Os dados da B3, referentes a junho de 2026, mostram que a quantidade de mulheres que investem na Bolsa saltou de 130,3 mil em 2016 para 1,73 milhão em 2026. Apesar desse crescimento significativo em números absolutos, a presença feminina no mercado de ações aumentou de forma tímida em termos proporcionais.

O total de investidores na Bolsa atingiu um recorde de 6,5 milhões em junho de 2026, mas essa expansão não alterou a predominância masculina. Em 2016, havia 434,1 mil homens investidores (76,9%), número que cresceu para 4,78 milhões em 2026 (73,4%). Assim, a diferença entre o número de investidores homens e mulheres diminuiu apenas 3,5 pontos percentuais ao longo da última década.

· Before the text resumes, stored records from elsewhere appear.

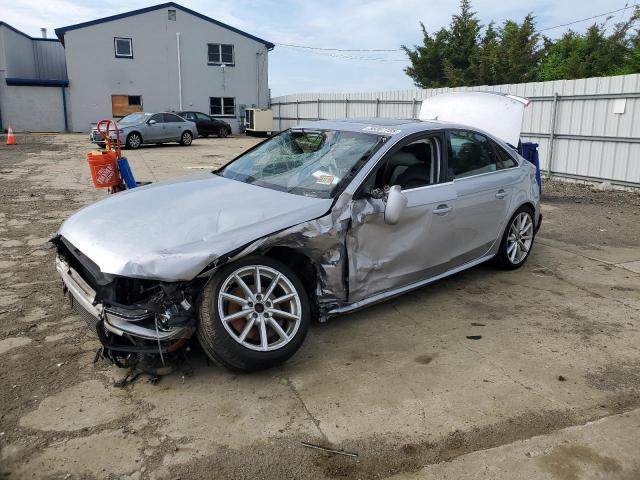 Salvage Audi A4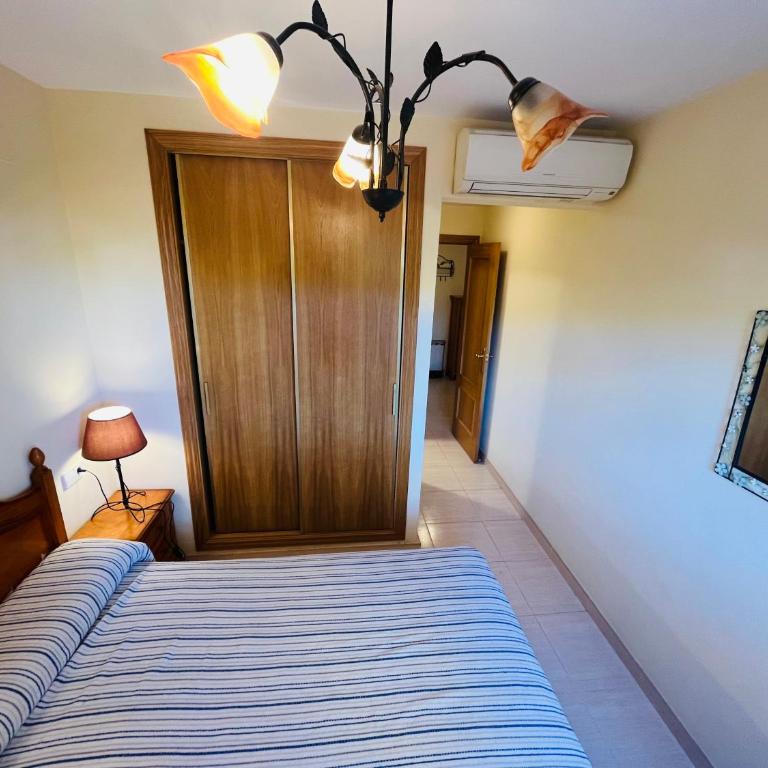 Apartamentos Nova Vita Altamar - Apartamento de 2 dormitorios - 13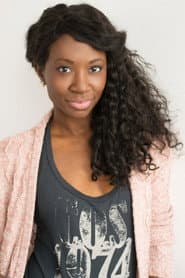 Photo of Natasha Ofili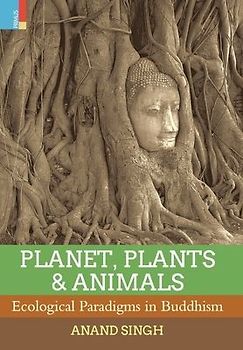 Planet, Plants & Animals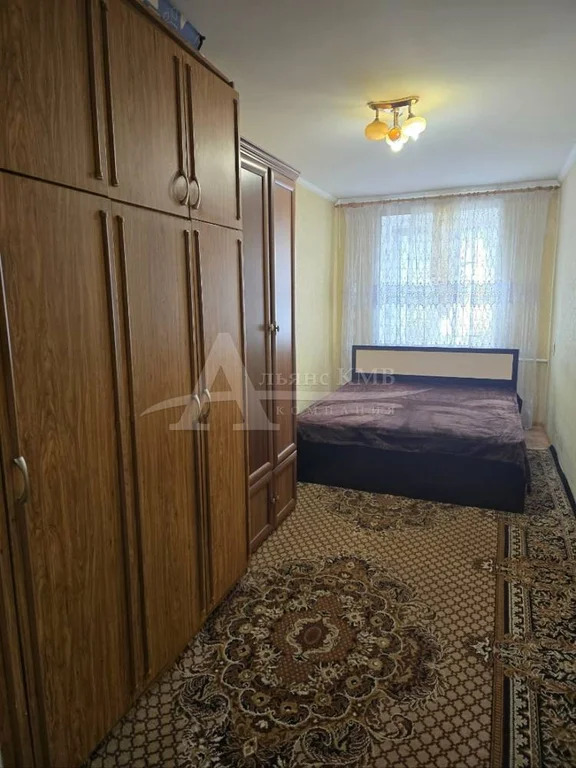 Продажа квартиры, Минеральные Воды, ул. 50 лет Октября - Фото 8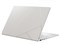 Zenbook S 14 UX5406SA UX5406SA-U7321WH スカンジナビアンホワイト メモリ：32 GB ストレージ：M.2 SSD：1TB 商品画像5：アキバ流通Kaago店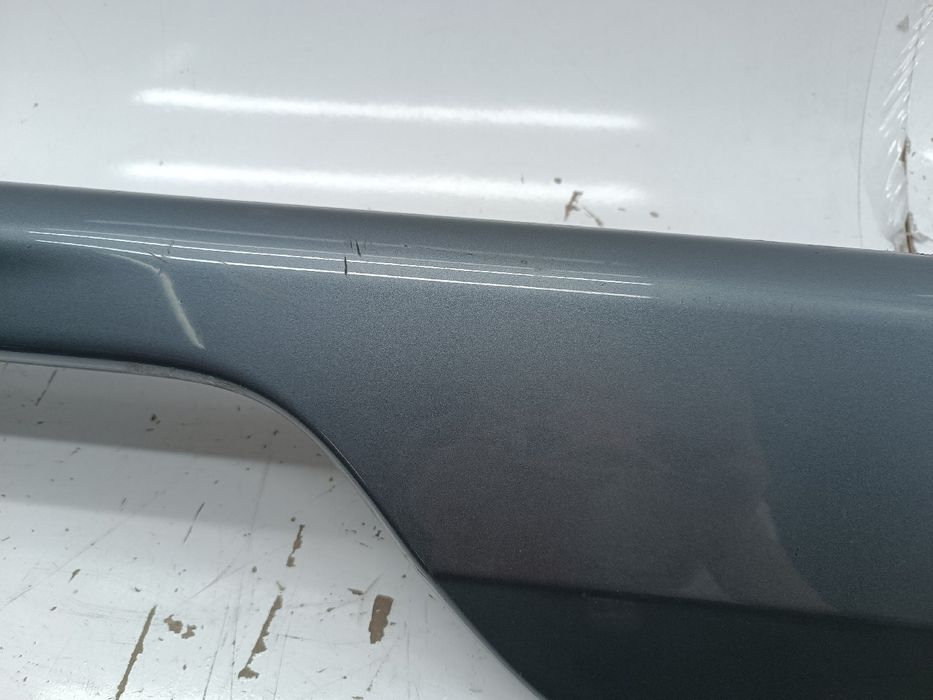 Embaladeira Plástica Direito - HONDA CIVIC VII Hatchback (EU, EP, EV) | 99 - 06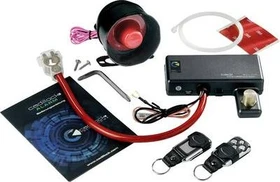 Cadillock Alarm Alarmanlage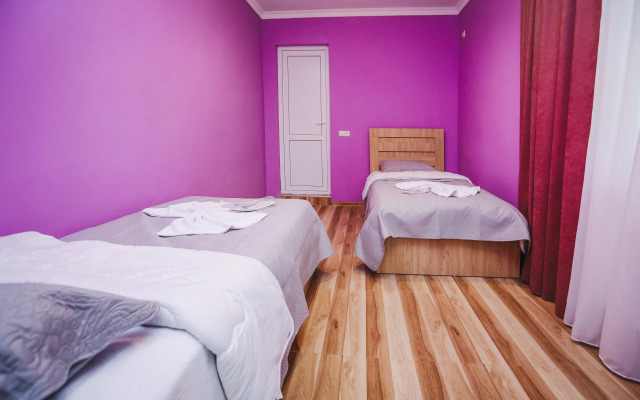 Bebo&Babu Guest House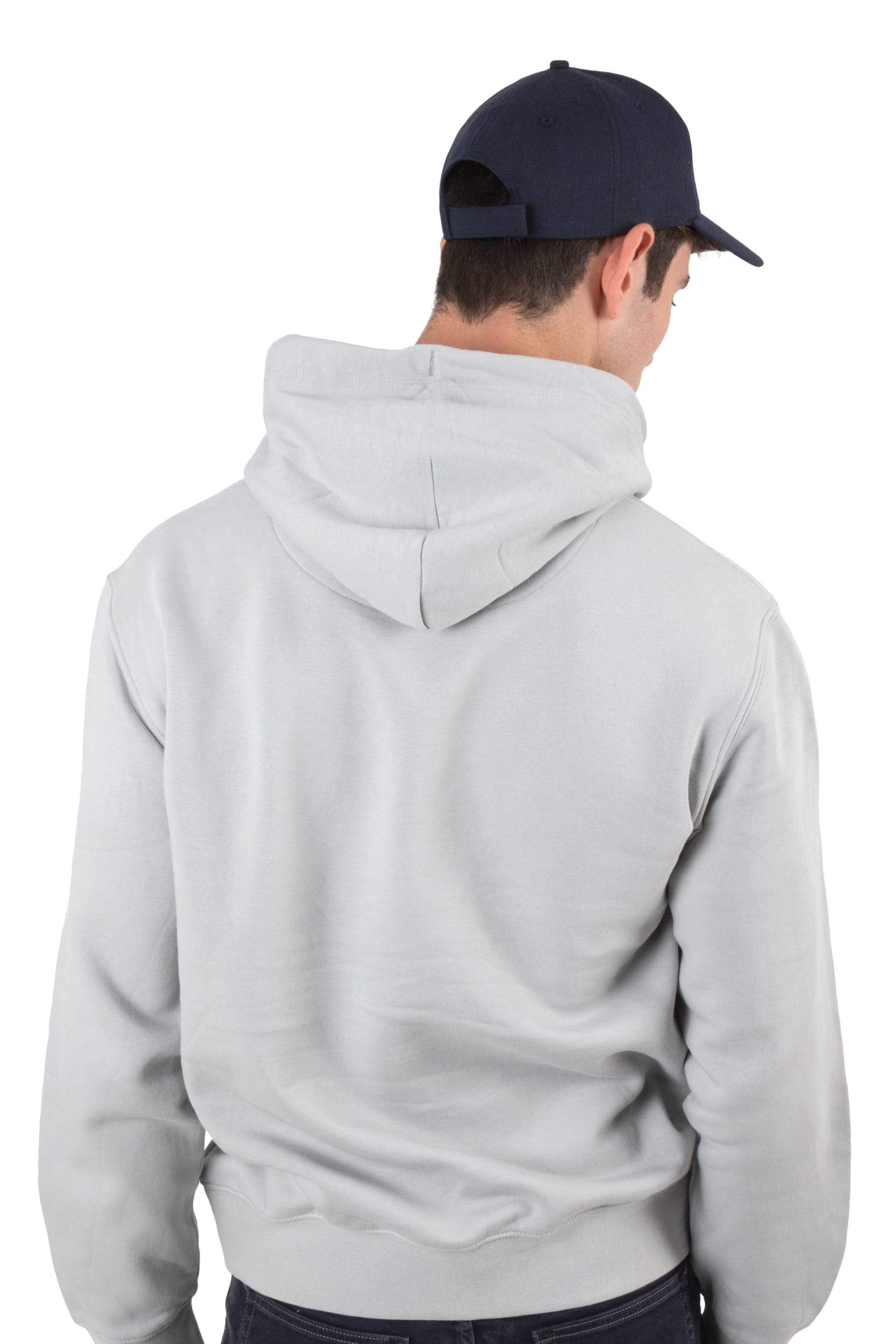 Pet in gerecycleerd polyester en katoen K-loop tracking - 5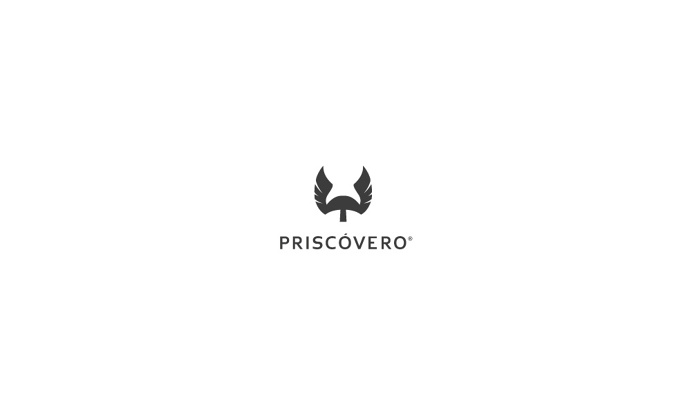 Priscóvero - Brand Project on Behance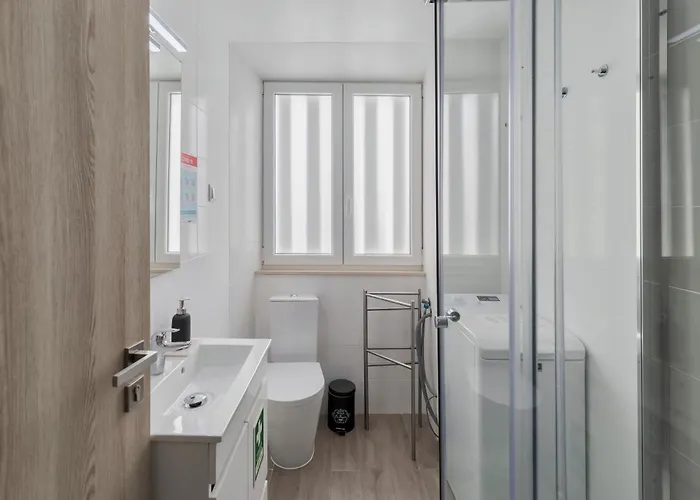 Maison Du Village - Σεσίμπρα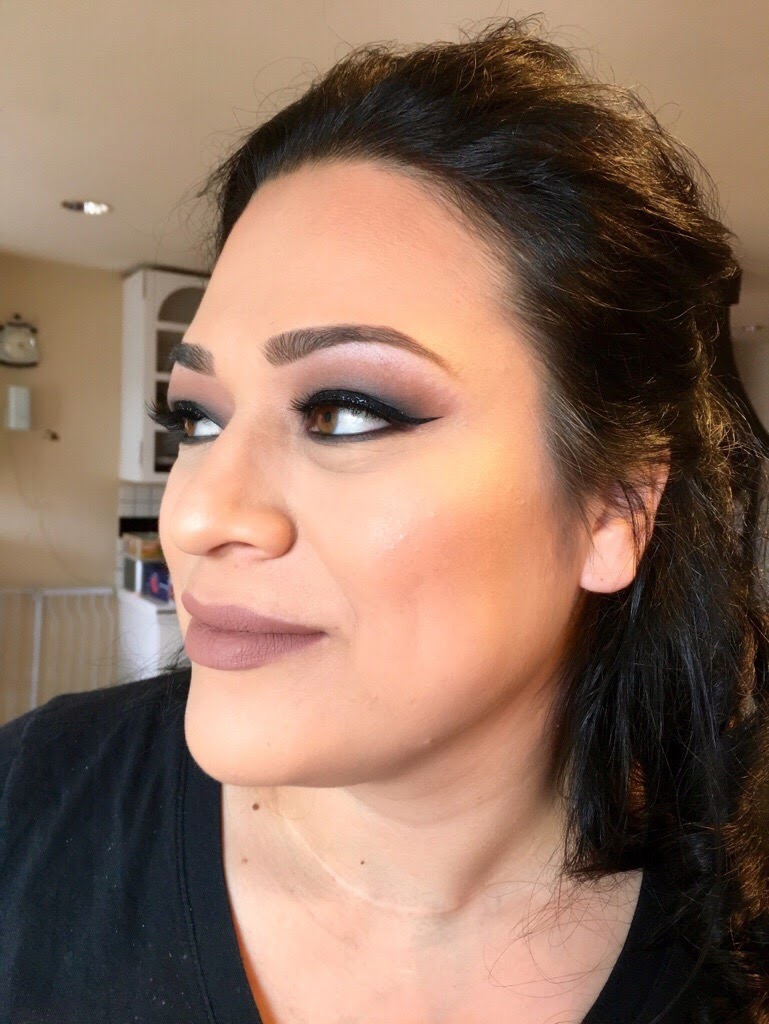 Hire Makeup By Lilly E Makeup Artist In Bolingbrook Illinois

A participação feminina no mercado de renda variável alcançou seu menor índice em 2018, com 22,06% dos investidores. No entanto, a partir de 2023, essa participação começou a crescer novamente, chegando a 26,6% em junho de 2026. Somente nos últimos 12 meses, a presença feminina avançou 0,7 ponto percentual, resultando em 115.841 novas investidoras na B3.

Além disso, a menor presença feminina na Bolsa reflete-se também na questão do patrimônio acumulado. Segundo dados da B3, as mulheres possuem até 400% menos patrimônio investido do que os homens. Esse cenário está ligado a fatores como desigualdade de renda, menor acúmulo de patrimônio e diferenças no acesso à educação financeira, que impactam na participação feminina no mercado de renda variável.